● ABOUT THIS TASK
Below are entries. Give back exactly the lines from the one containing "Black embroidered tablecloth" through the one containing "Elderly Caucasian woman", inclusive, without the pictures.

● TASK DATA
=====
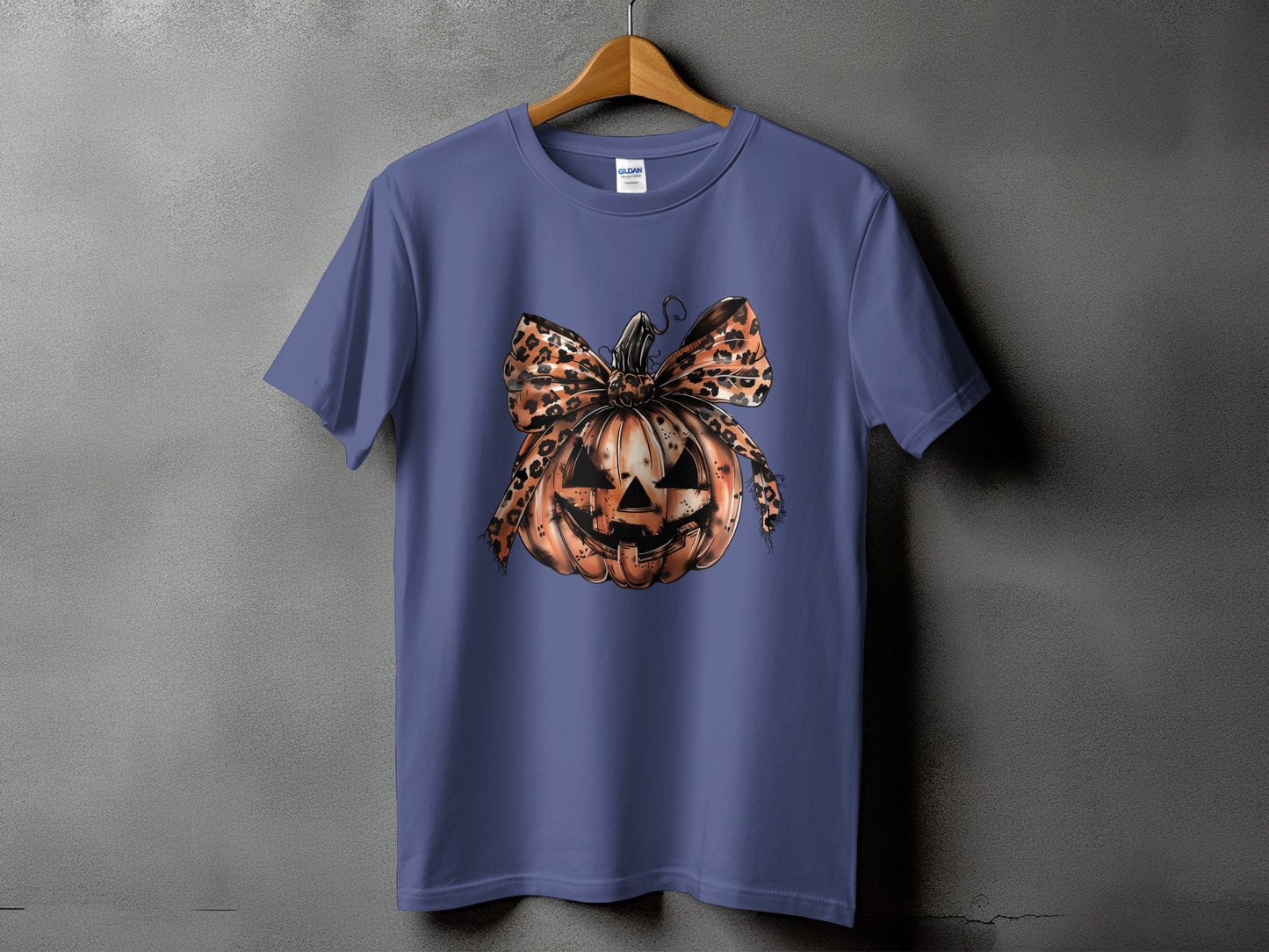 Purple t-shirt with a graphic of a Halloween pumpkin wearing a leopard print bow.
=====
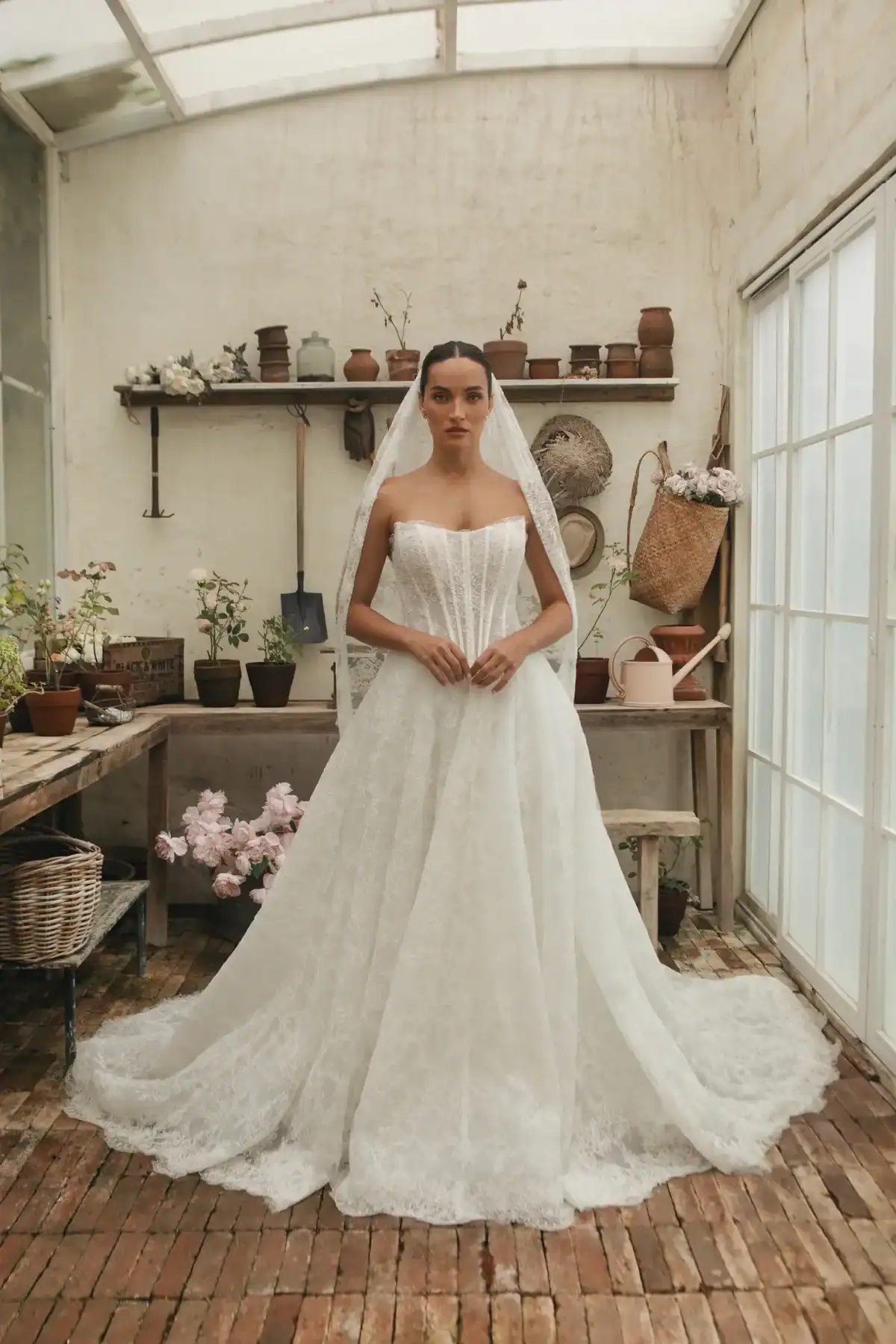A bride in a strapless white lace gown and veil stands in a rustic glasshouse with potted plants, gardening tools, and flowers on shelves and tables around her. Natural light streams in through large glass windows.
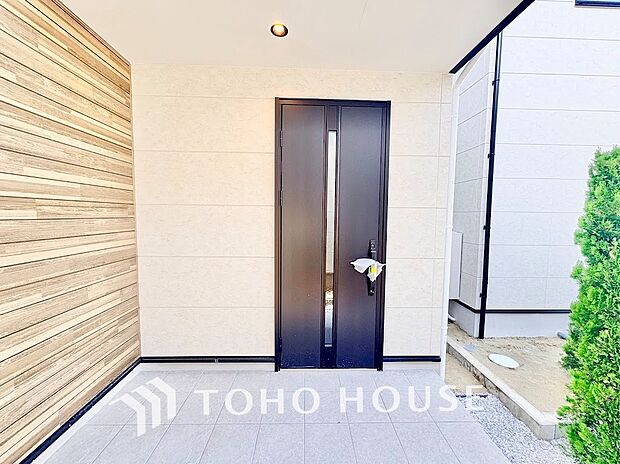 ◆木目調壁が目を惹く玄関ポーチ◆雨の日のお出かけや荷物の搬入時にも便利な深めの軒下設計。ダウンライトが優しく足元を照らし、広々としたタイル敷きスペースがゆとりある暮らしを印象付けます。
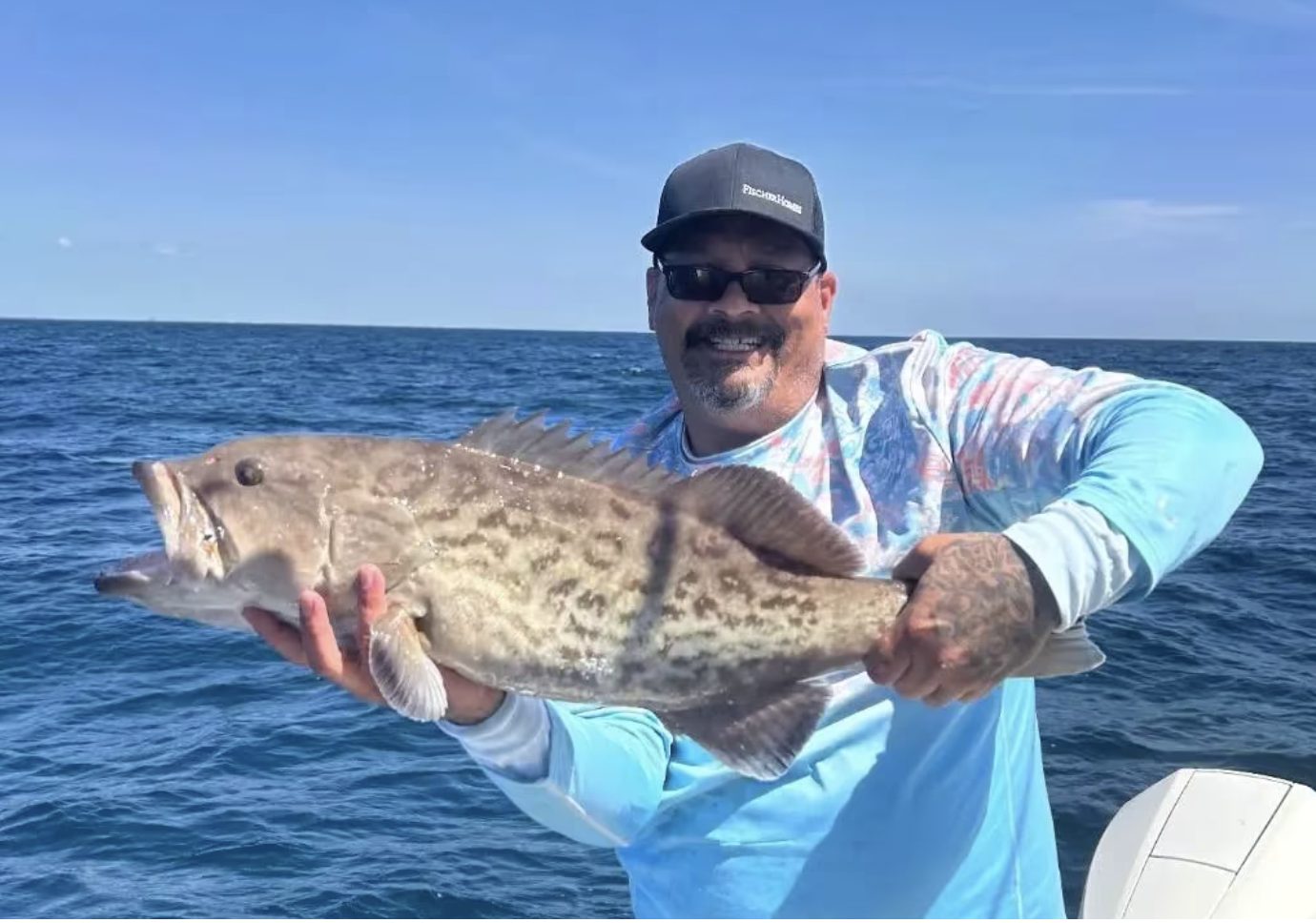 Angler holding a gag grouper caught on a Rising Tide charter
=====
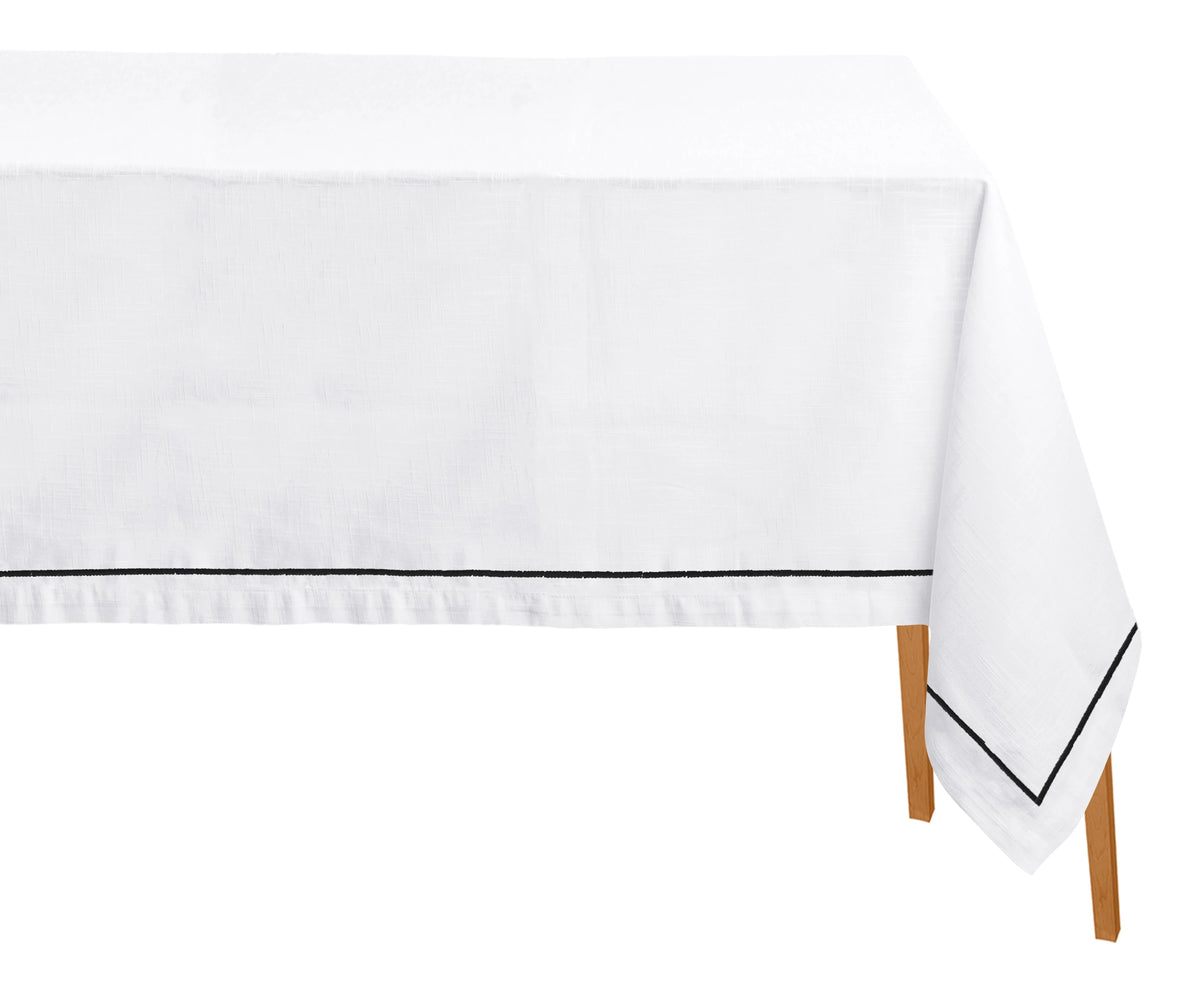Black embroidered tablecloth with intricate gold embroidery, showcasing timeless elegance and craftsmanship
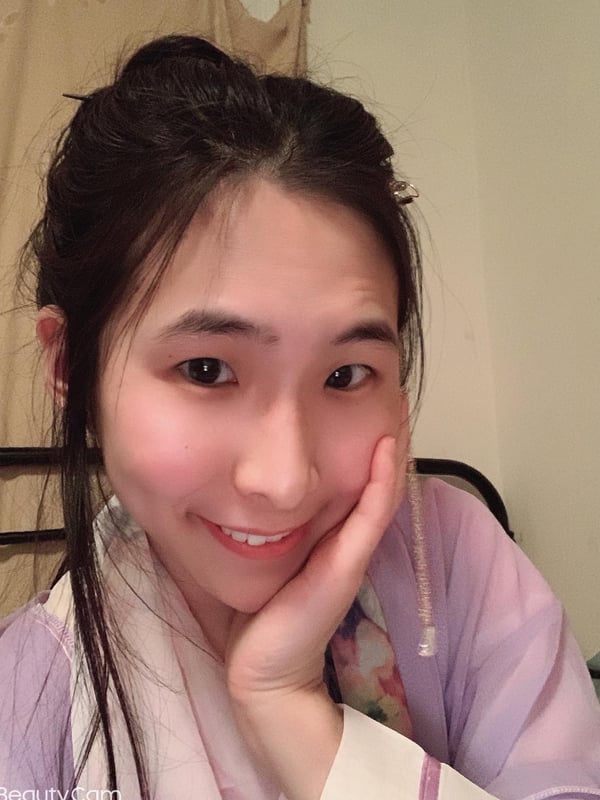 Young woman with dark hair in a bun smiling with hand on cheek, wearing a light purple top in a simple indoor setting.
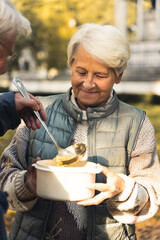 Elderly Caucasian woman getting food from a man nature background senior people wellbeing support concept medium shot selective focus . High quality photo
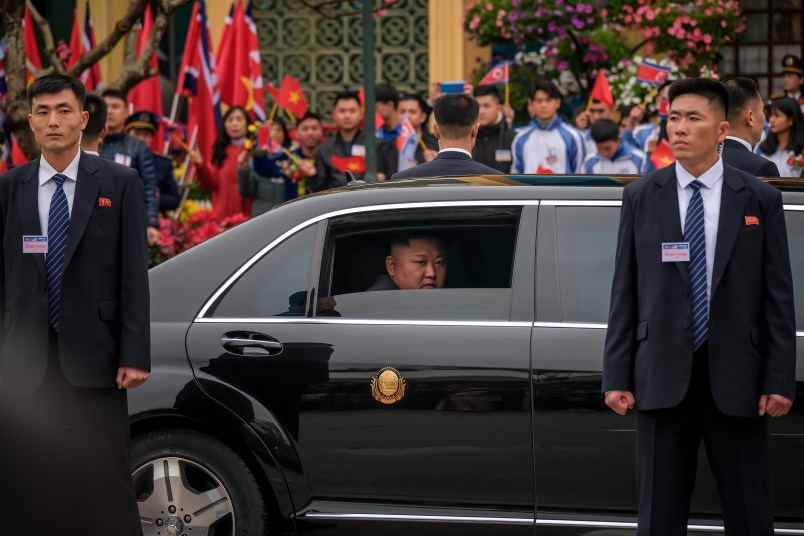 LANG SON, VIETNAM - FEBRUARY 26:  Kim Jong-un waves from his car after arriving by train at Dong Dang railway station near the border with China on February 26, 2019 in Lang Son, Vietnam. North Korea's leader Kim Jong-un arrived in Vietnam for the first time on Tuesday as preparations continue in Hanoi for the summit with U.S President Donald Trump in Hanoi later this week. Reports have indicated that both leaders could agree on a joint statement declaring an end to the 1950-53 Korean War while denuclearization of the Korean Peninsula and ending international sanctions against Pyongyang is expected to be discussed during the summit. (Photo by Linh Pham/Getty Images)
=====
● SOLUTION TO THE PROBLEM
Black embroidered tablecloth with intricate gold embroidery, showcasing timeless elegance and craftsmanship
 Young woman with dark hair in a bun smiling with hand on cheek, wearing a light purple top in a simple indoor setting.
 Elderly Caucasian woman getting food from a man nature background senior people wellbeing support concept medium shot selective focus . High quality photo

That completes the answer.